New raw film total: 251s. With branding: ~266s = 4:26. Still within 3:00-5:00. ✅
Full Stem Map (with fixes applied)
VO STEMS — @atempo 1.1x globally
| Stem | Raw | @1.1x | Shot | Shot Dur | Placement | Status |
|---|---|---|---|---|---|---|
| vo_0_1 | 6.96s | 6.33s | 0.1 | 8s | 0.5s→6.83s | ✅ Fits |
| vo_1_2 | 12.56s | 11.42s | 1.2 | 9s* | 0s→9s, bleeds 2.4s into 1.3 | ✅ Bleed |
| vo_1_3 | 6.44s | 5.85s | 1.3 | 9s* | 3.0s→8.85s | ✅ Fits |
| vo_1_4 | 7.96s | 7.24s | 1.4 | 8s* | 0.5s→7.74s | ✅ Fits |
| vo_2_2 | 3.48s | 3.16s | 2.2 | 4s | 0s→3.16s | ✅ Fits |
| vo_2_4 | 6.28s | 5.71s | 2.4 | 4s | 0s→4s, bleeds 1.7s into 2.5 (SILENT) | ✅ Bleed |
| vo_2_7 | 5.08s | 4.62s | 2.7 | 5s | 0s→4.62s | ✅ Fits |
| vo_2_9 | 5.16s | 4.69s | 2.9 | 5s | 0s→4.69s | ✅ Fits |
| vo_2_12 | 5.00s | 4.55s | 2.12 | 6s | 0s→4.55s | ✅ Fits |
| vo_2_15 | 2.52s | 2.29s | 2.15 | 4s | 2s→4.29s | ✅ Fits (after bell slap) |
| vo_2_19 | 5.64s | 5.13s | 2.19 | 5s | 0s→5s, bleeds 0.13s into 2.20 (SILENT) | ✅ Trivial bleed |
| vo_3_1 | 7.16s | 6.51s | 3.1 | 6s | 0s→6s, bleeds 0.51s into 3.2 (SILENT) | ✅ Trivial bleed |
| vo_3_5 | 5.44s | 4.95s | 3.5 | 6s | 2s→6.95s, bleeds 0.95s into 3.6 (SILENT) | ✅ Trivial bleed |
| vo_4_1 | 7.48s | 6.80s | 4.1 | 10s | 1s→7.80s | ✅ Fits |
| vo_4_3 | 8.56s | 7.78s | 4.3 | 10s | 1s→8.78s | ✅ Fits |
| vo_5_2 | 8.76s | 7.96s | 5.2 | 10s | 0s→7.96s | ✅ Fits |
*Extended shots
DIALOGUE STEMS — no atempo needed
| Stem | Duration | Shot | Shot Dur | Status |
|---|---|---|---|---|
| dlg_2_1 (Arthur: “Shoo”) | 2.92s | 2.1 | 5s | ✅ Fits |
| dlg_4_2 (Arthur: “Welcome…“) | 4.20s | 4.2 | 7s | ✅ Fits |
| dlg_4_5 (Vance: “Pendelton…ferret…“) | 5.16s | 4.5 | 6s | ✅ Fits (tight — place at 0.5s) |
| dlg_4_6 (Arthur: “Yes, sir…eleven”) | 3.84s | 4.6 | 8s | ✅ Fits |
| dlg_4_7 (Vance: “Noted”) | 3.92s | 4.7 | 7s | ✅ Fits |
Safety Filter Note
vo_2_19 was rephrased from “Chaos must be contained” to “Disorder must be addressed.
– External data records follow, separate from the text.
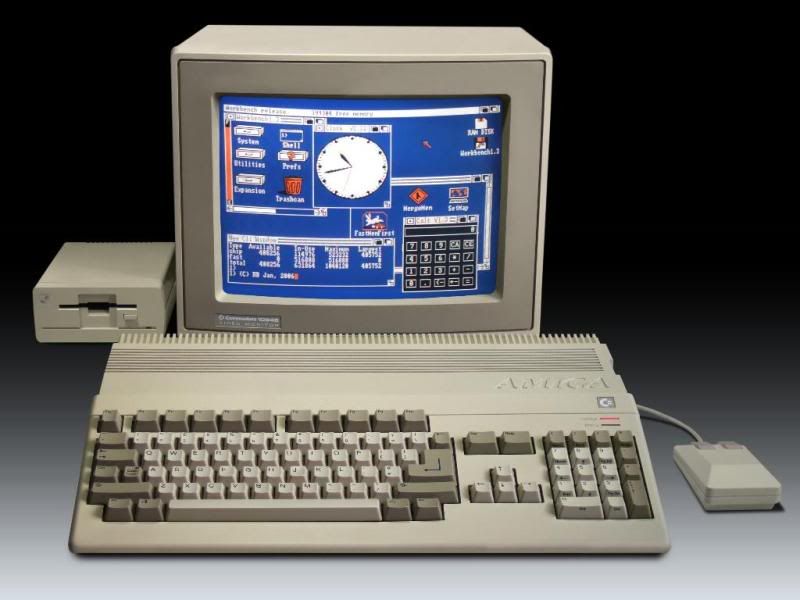 Компьютер Comodore Amiga впервые был продемонстрирован публике в 1984 году. Компьютер Comodore Amiga впервые был продемонстрирован публике в 1984 году.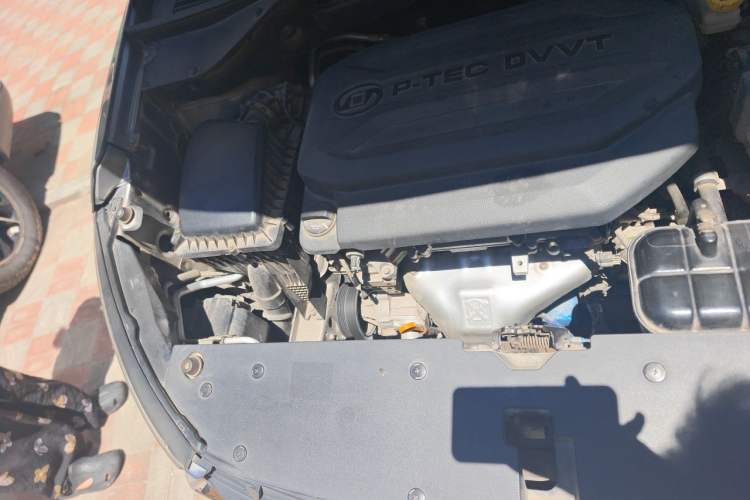 Used Baojun 510 2017 1.5L Manual Fashion Model Engine Bay Right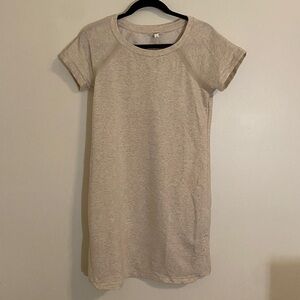 Athleta Pacer Short Sleeve Sweatshirt Relaxed Fit Dress Oatmeal Heather Small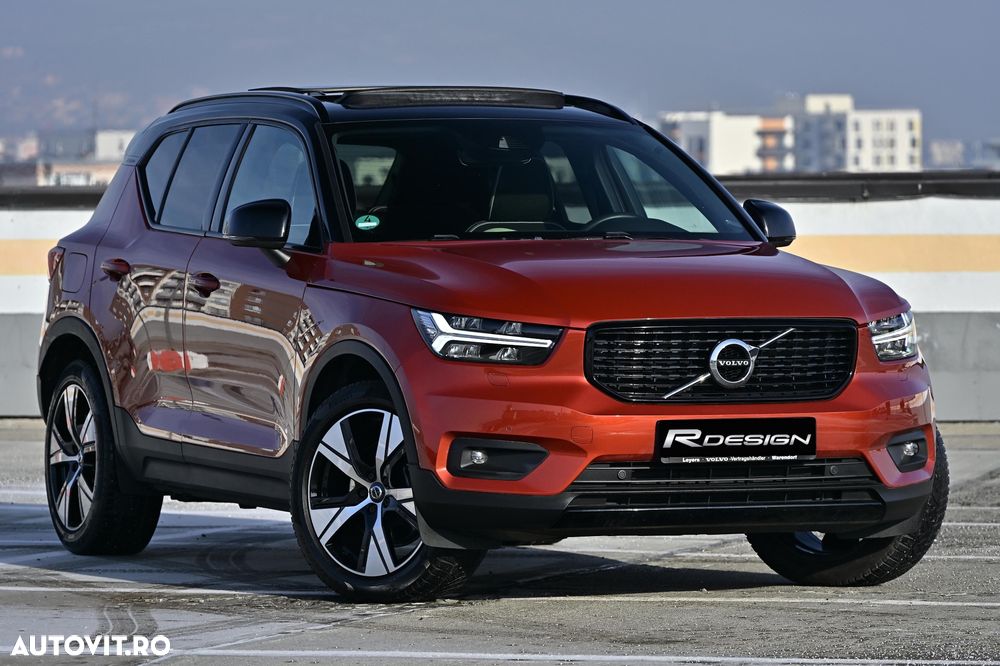 Volvo XC 40 D4 AWD Geartronic R-Design - 1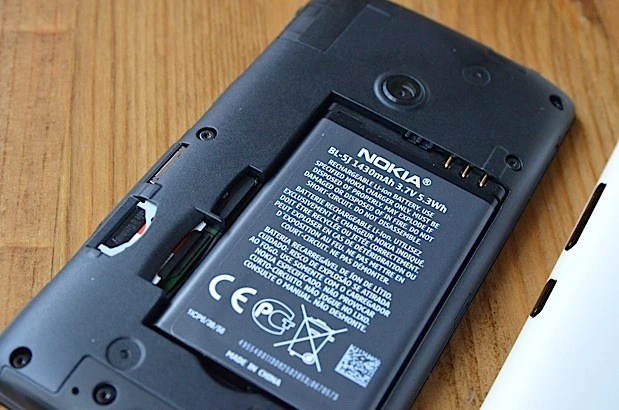 Khắc phục lỗi không sạc được pin điện thoại Nokia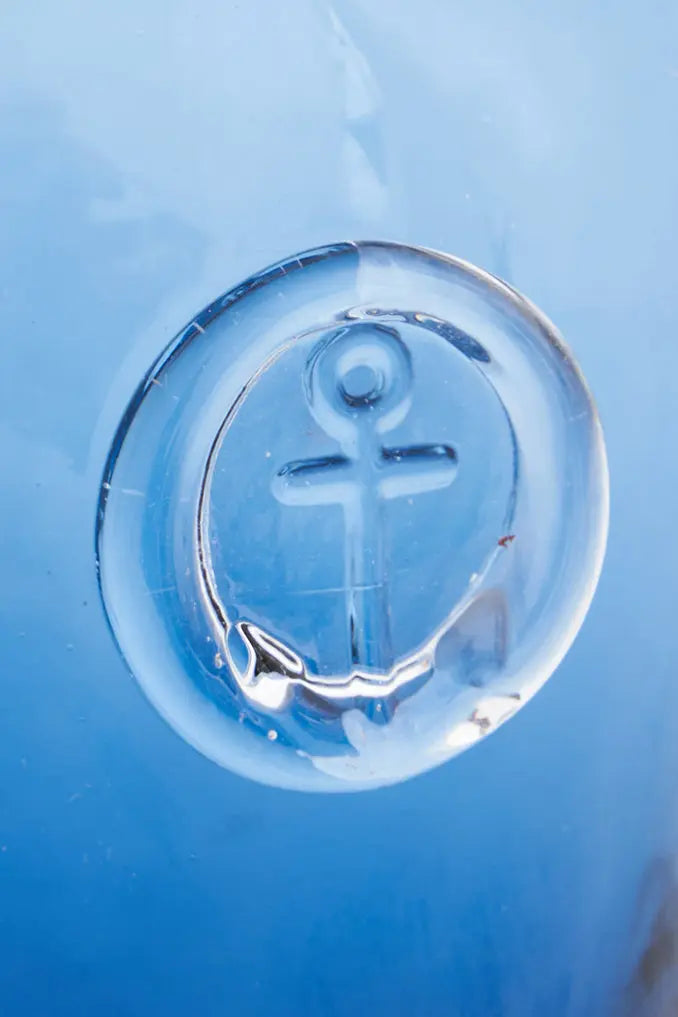 Botella de cristal con sello de ancla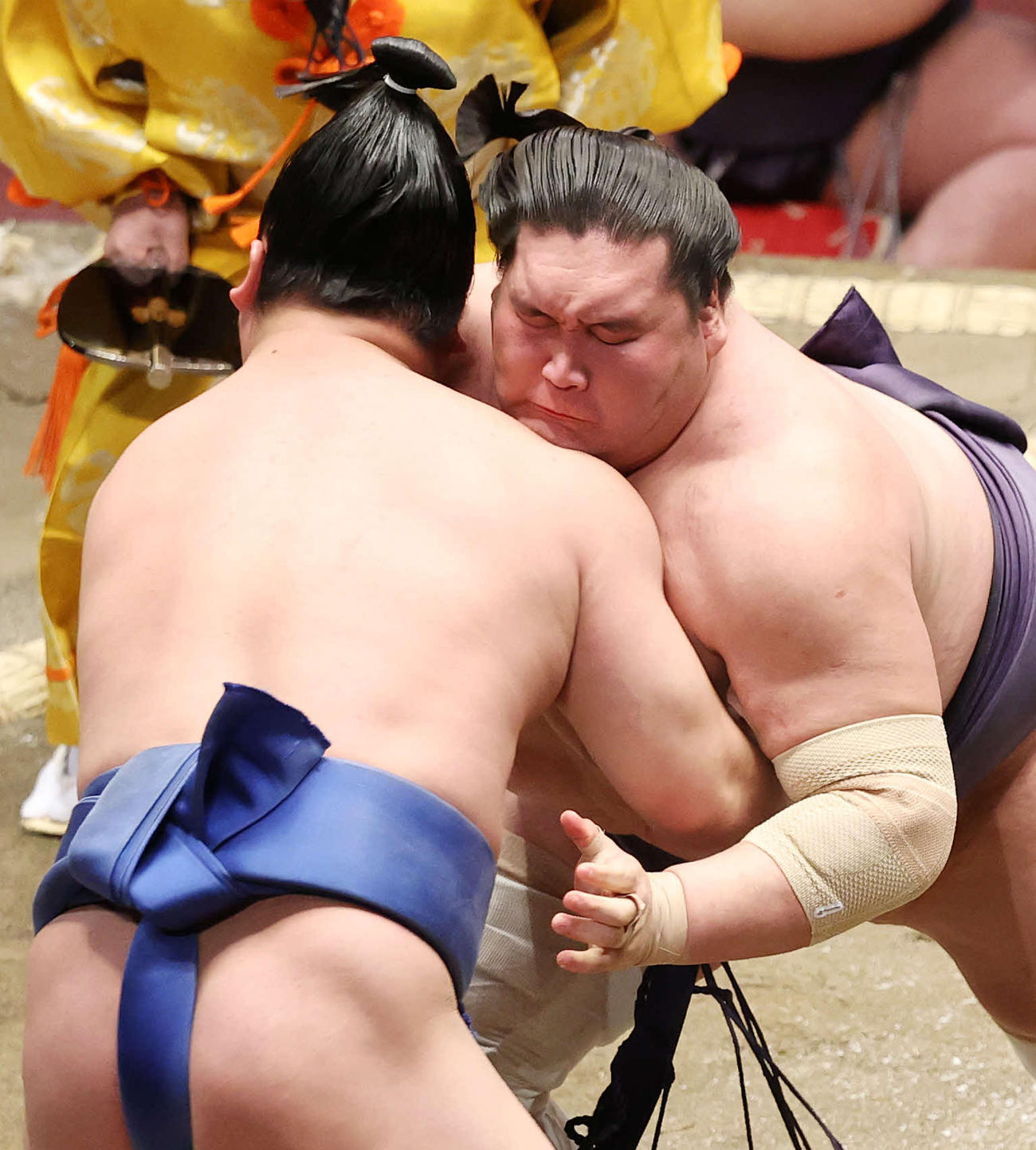 若隆景（左）を攻める照ノ富士（撮影・鈴木正人）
There was simply no alternative.” — needs rho-idea creative sign-off. The replacement is slightly longer and less punchy. If rho-idea approves, it works. If not, a regen with the shorter original text should be attempted.
Summary
| Metric | Value |
|---|---|
| Stems verified | 21/21 |
| Atempo applied | 1.1x global |
| Shot extensions | 3 (shots 1.2, 1.3, 1.4: +7s total) |
| VO bleeds required | 5 (all into adjacent SILENT shots) |
| Regens needed | 0 |
| Clipped stems | 0 |
VERDICT: ✅ ALL STEMS RESOLVED. No clipping. source_out in the timeline will encompass full speech duration for every stem.